Meta-package for data analysis in Julia, modeled after the R tidyverse.
MIT License
524 stars 14 forks source link

Columns containing spaces in names #47

Closed kdpsingh closed 1 year ago

kdpsingh commented 1 year ago

We need to test out whether the package works with column names containing spaces. I think Symbol("column name") may work in some contexts but likely not all. Depending on what we find, we may want to think about how to handle cases where it doesn't work, and what to communicate to users in the docs about what does and does not work.

Another longer-term goal to think about implementing a function similar to R's janitor::clean_names(), which converts "illegal" column names into legal ones.

bkamins commented 1 year ago

I dplyr is it

`a b`

right?

I guess you could use the same in Tidier.jl. It would take advantage of the fact that this is a valid cmd in Julia. It would just need to be documented that in Tidier.jl commands non-standard evaluation of commands happens. You could parse it from:

julia> dump(:(`a b`))
Expr
  head: Symbol macrocall
  args: Array{Any}((3,))
    1: GlobalRef
      mod: Module Core
      name: Symbol @cmd
      binding: Ptr{Nothing} @0x0000000000000000
    2: LineNumberNode
      line: Int64 1
      file: Symbol REPL[6]
    3: String "a b"

and you can see that the third arg is the string that would be interpreted as a column name.

I guess this approach would create least friction for R users.

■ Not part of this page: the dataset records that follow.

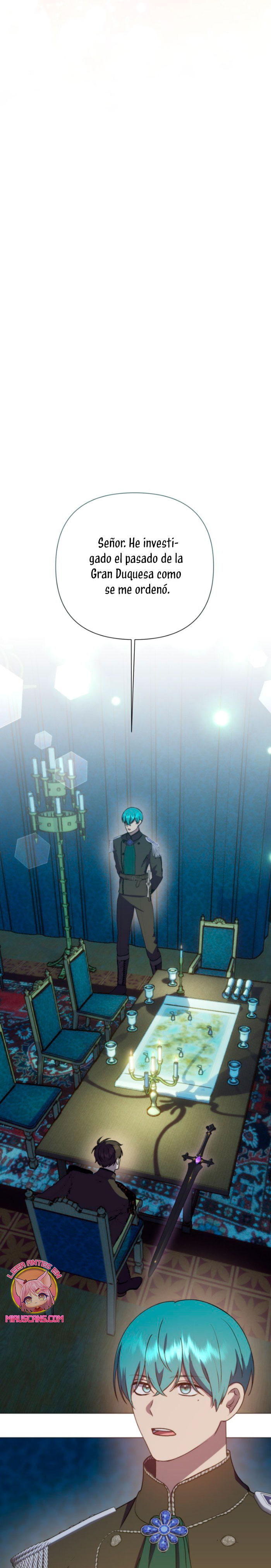 El Gran Duque es mío Capítulo 25 - Página 32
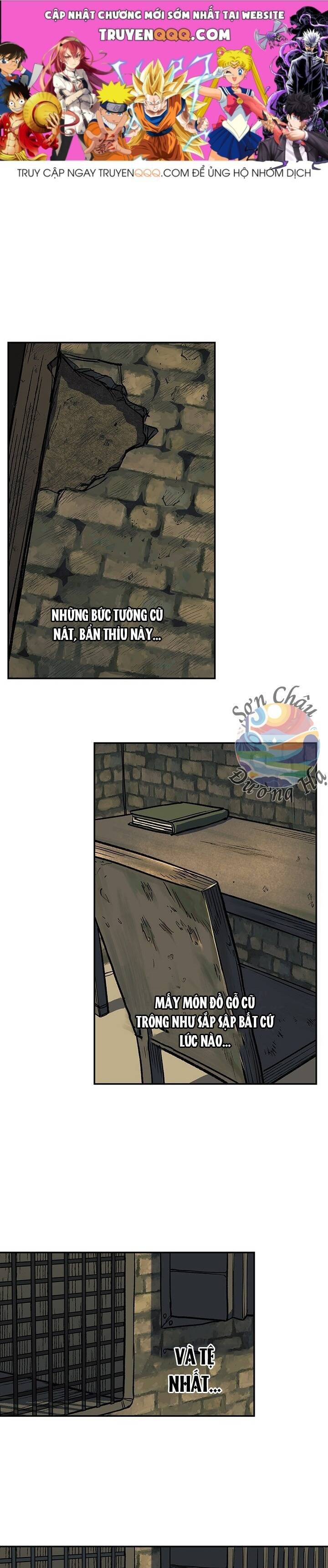 Sống Sót Sau Ngày Tận Thế Chapter 1 - Trang 2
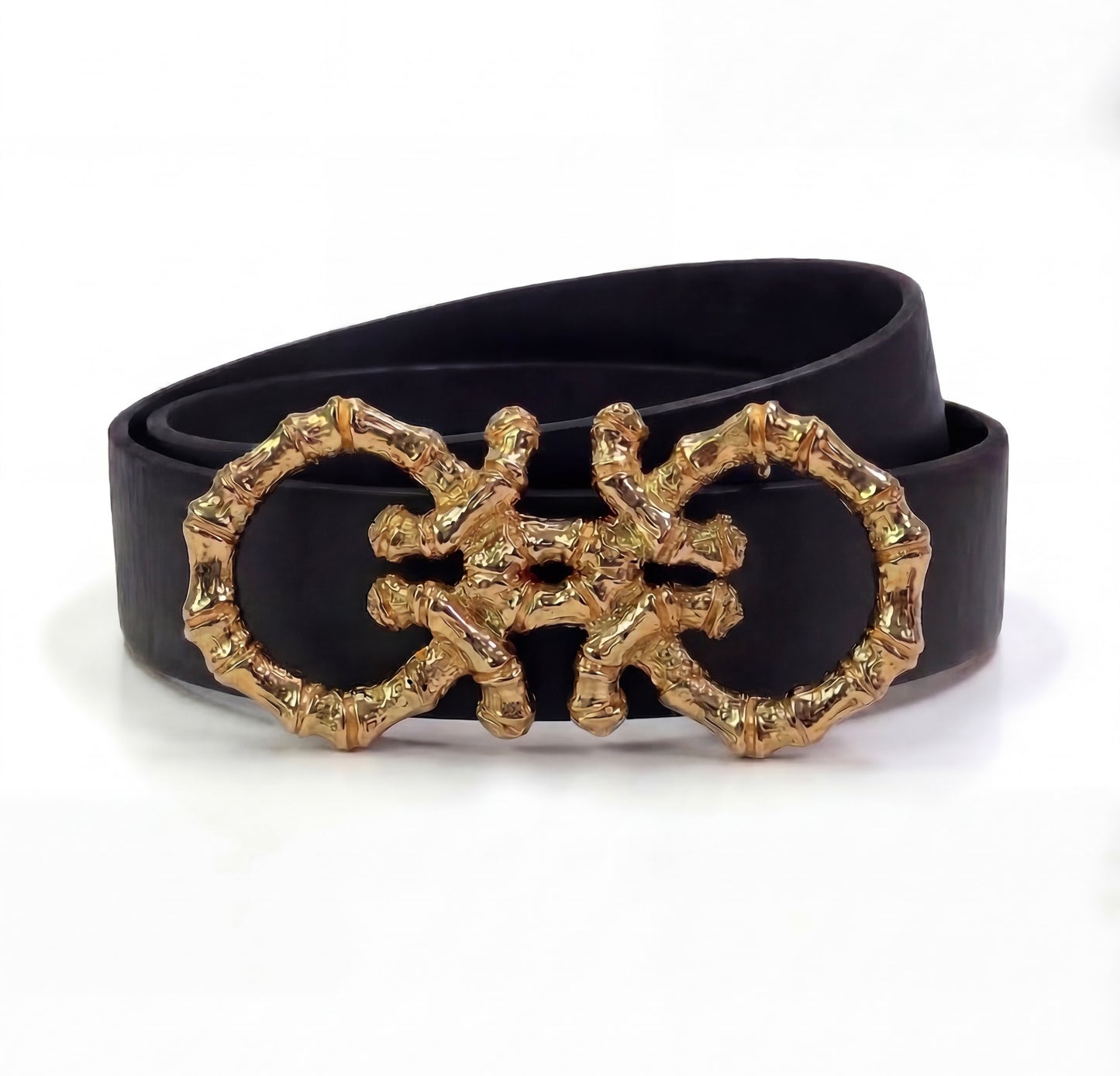 Mimi di N Victorian style Vintage buckle, circa. 1974 - Lunar New Year Collection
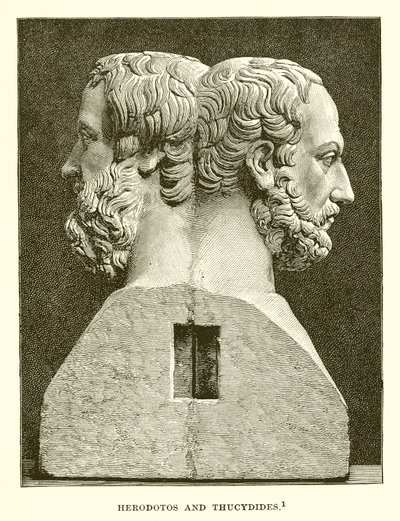 Herodot und Thukydides von English School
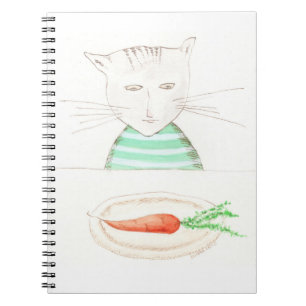 Alphonse le Chat Notizblock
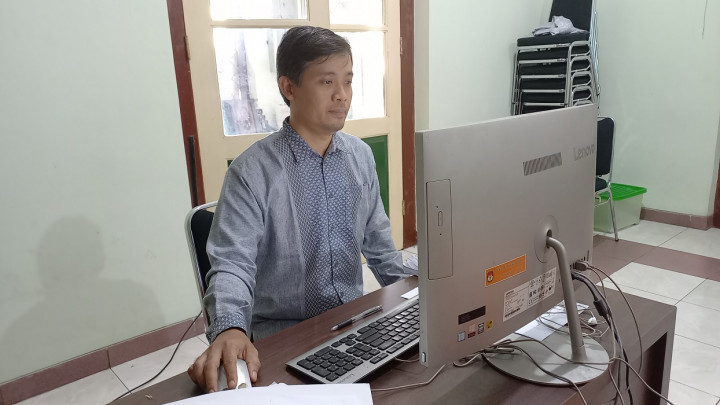 16 Parpol Lakukan Perubahan Data Bacaleg di KPU Jepara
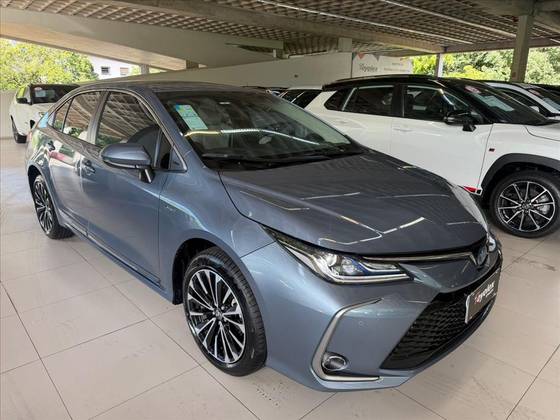 TOYOTA COROLLA 1.8 VVT-I HYBRID FLEX ALTIS PREMIUM CVT TOYOTA COROLLA 1.8 VVT-I HYBRID FLEX ALTIS PREMIUM CVT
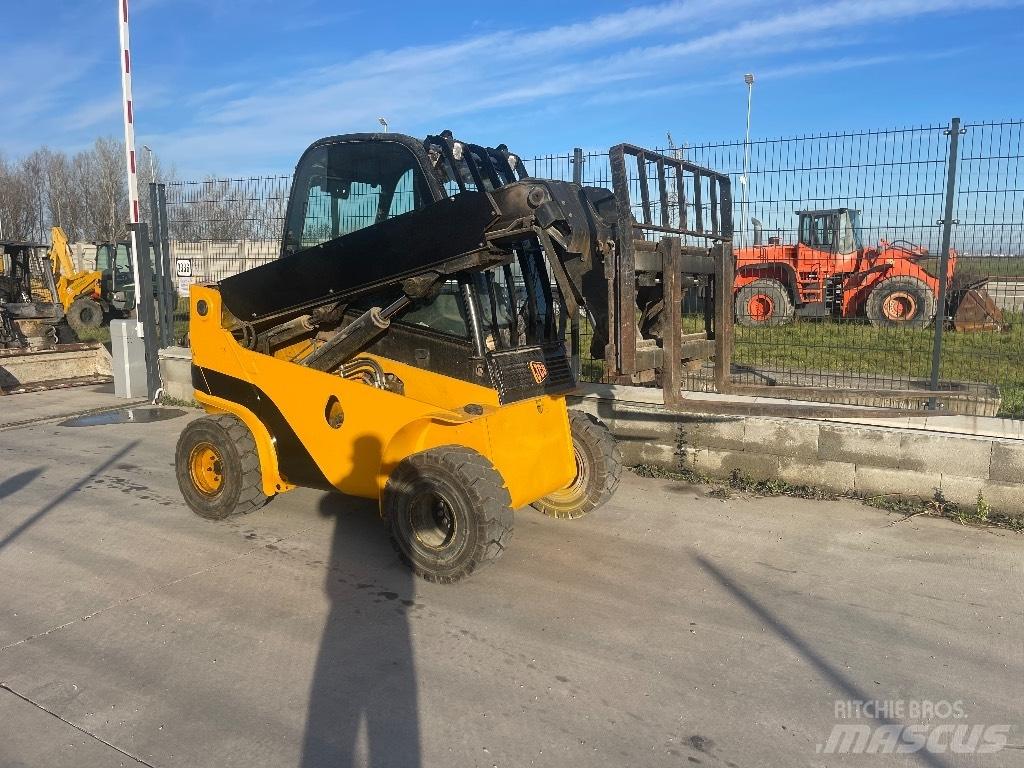 JCB TLT 30 D 4x4 Teleskoplastere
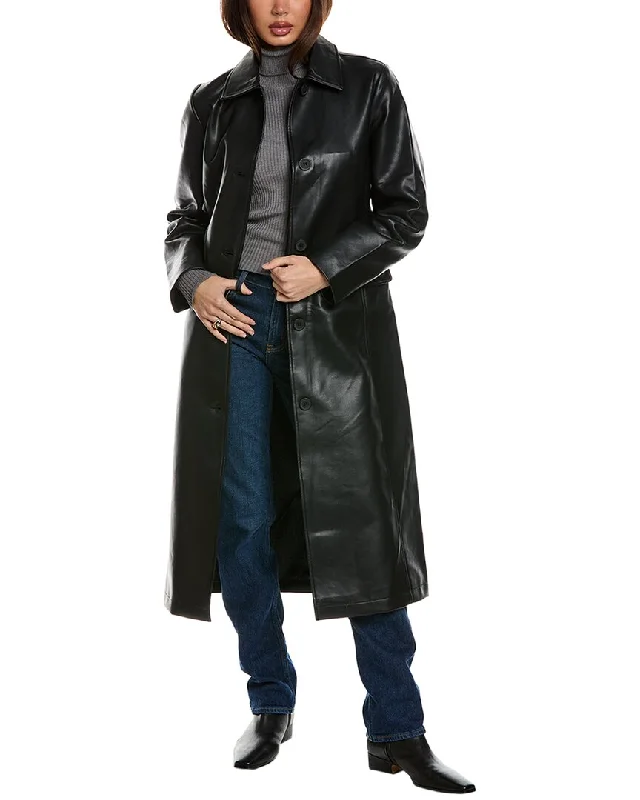 Crazy Deals trendy jacketRebecca Minkoff Trench Coat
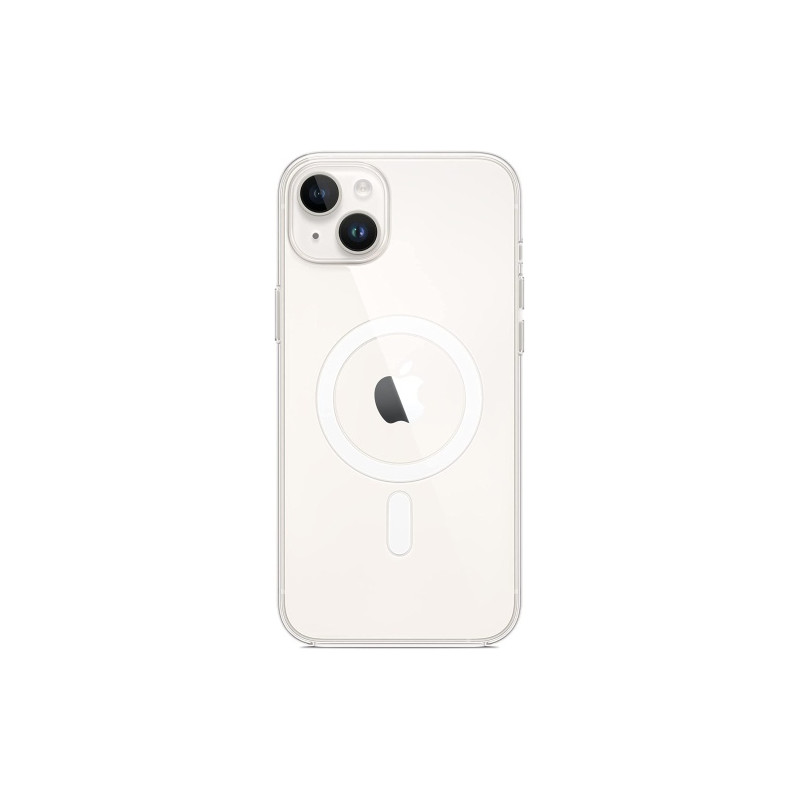 Ecost prekė po grąžinimo Apple iPhone 14 Plus Clear Case mit MagSafe
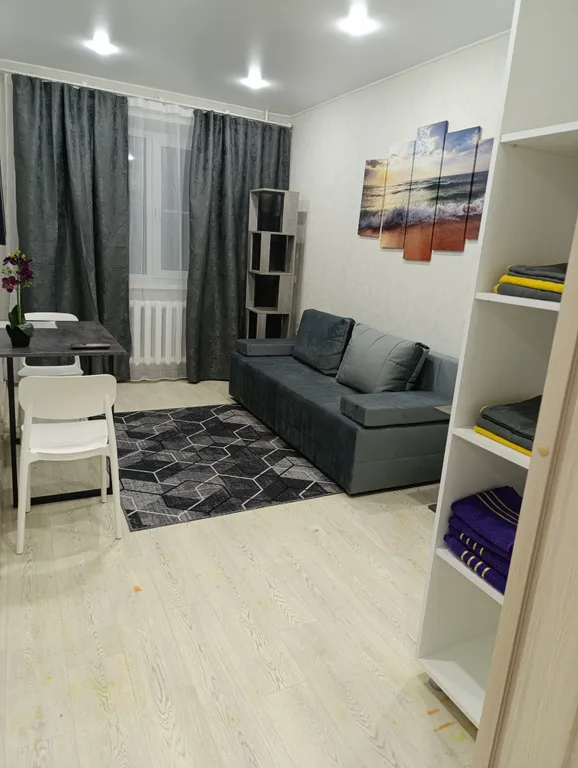 Уютная двухкомнатная квартира в СЗР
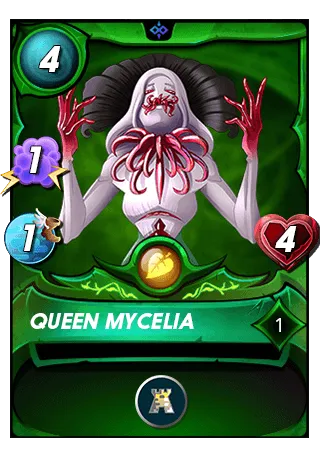 Queen Mycelia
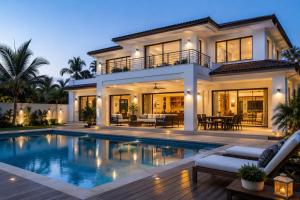 Big villa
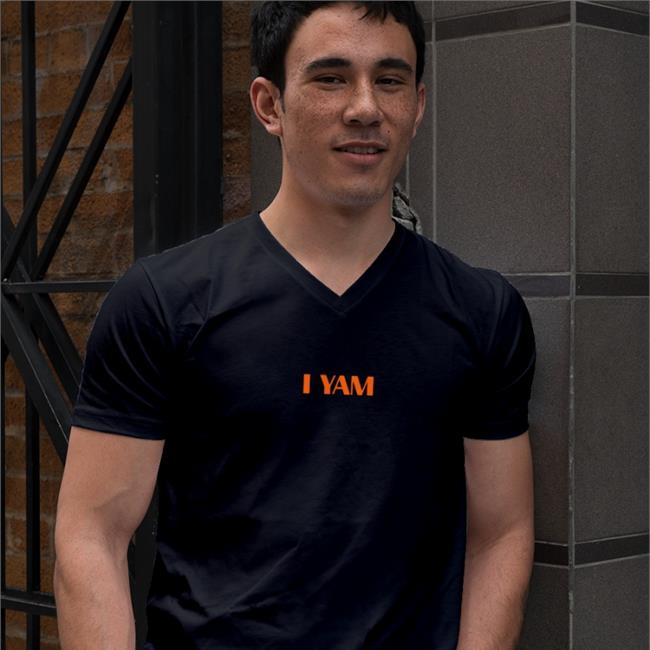 I Yam Long Sleeve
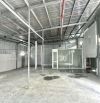 *Cho thuê kho xưởng*742m2 đường QL 1A, Hiệp Bình Phước, Quận Thủ Đức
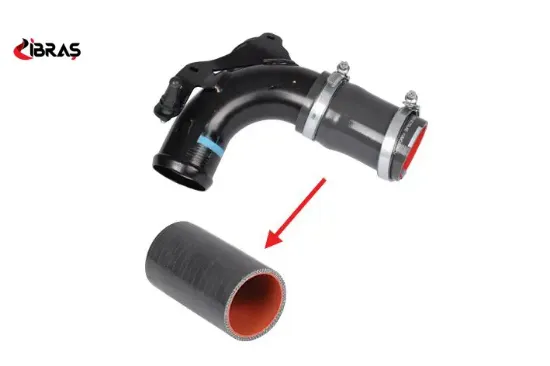 Turbo Hortumu Metal Boru Hariç  Focus Iii-b C S Max- Mondeo Iv-v 1.5-1.6 Tdci Ibras  AV616C750AE/ 1765769/ AV616C75   19940 resmi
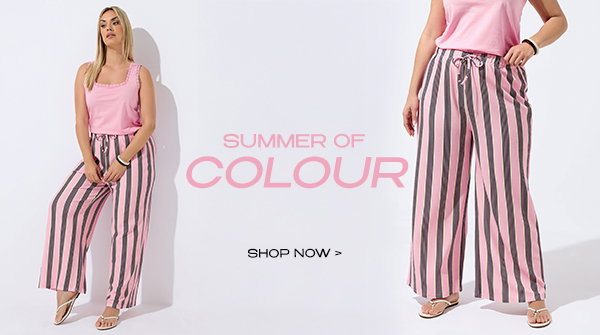 summer of colour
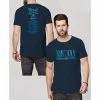 Famous Rock Shop Nirvana Unisex Tee Nevermind Navy -Famous Rock Shop NirvanaUnisexTeeNevermindFamousrockshop 800x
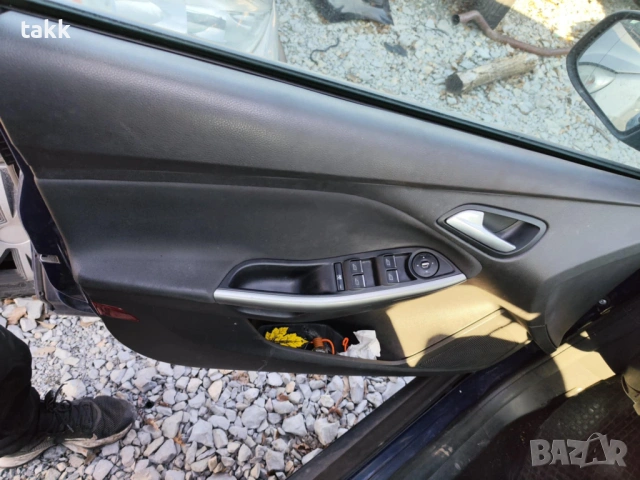 Ford Focus mk3 2015г 1.6  L Duration DI TC 95кс. на части, снимка 11 - Части - 53191731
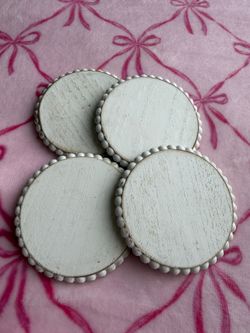 farmhouse coasters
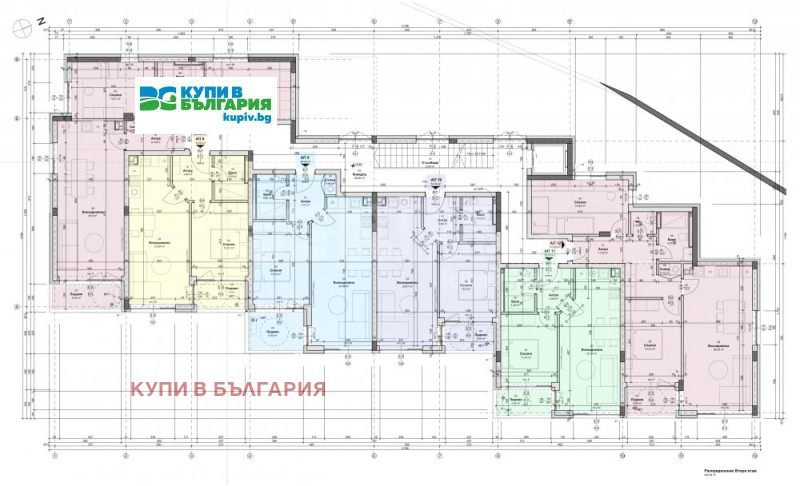 Продава 2-СТАЕН, гр. Варна, Виница, снимка 11 - Апартаменти - 53153402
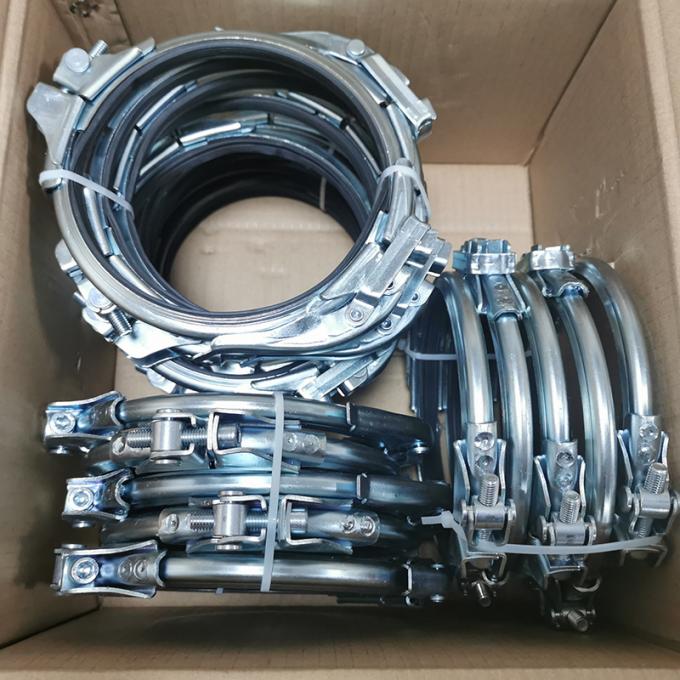 2 Brides De Tuyau D'arrosage Pour BMW - Réf. 17127799184 - Compatible Série 1, 2, 3, 4, 5 (F20, F30, F36, Etc.)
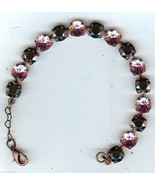 MEA Original, City Lights Bracelet/W Multi. Swarovski Crystals,   D1 - $50.31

kdpsingh commented 1 year ago

Thanks @bkamins! I was actually trying this approach and having some difficulty in getting MacroTools to detect this AST pattern using @capture. Probably just need to spend more time with it, but I agree this would be the ideal way of handling from an R user standpoint.

bkamins commented 1 year ago

It is just as if you called:

julia> dump(:(@cmd "a b"))
Expr
  head: Symbol macrocall
  args: Array{Any}((3,))
    1: Symbol @cmd
    2: LineNumberNode
      line: Int64 1
      file: Symbol REPL[28]
    3: String "a b"

The only difference is that here @cmd is searched in current scope, while backtick notation guarantees that the lookup is in Core module.

kdpsingh commented 1 year ago

This is really helpful! Will play with this and hope to get this working.

kdpsingh commented 1 year ago

Thanks again, @bkamins!

I think I have this issue figured out.

As-is, using var"column name" works throughout the package.

In PR #61, we now support backticks, which converts the string into var"string".

Before merging, I'm going to:

kdpsingh commented 1 year ago

Documentation added, this is now resolved in #61. Closing this issue. Will open a janitor::clean_names() functionality request as a separate issue.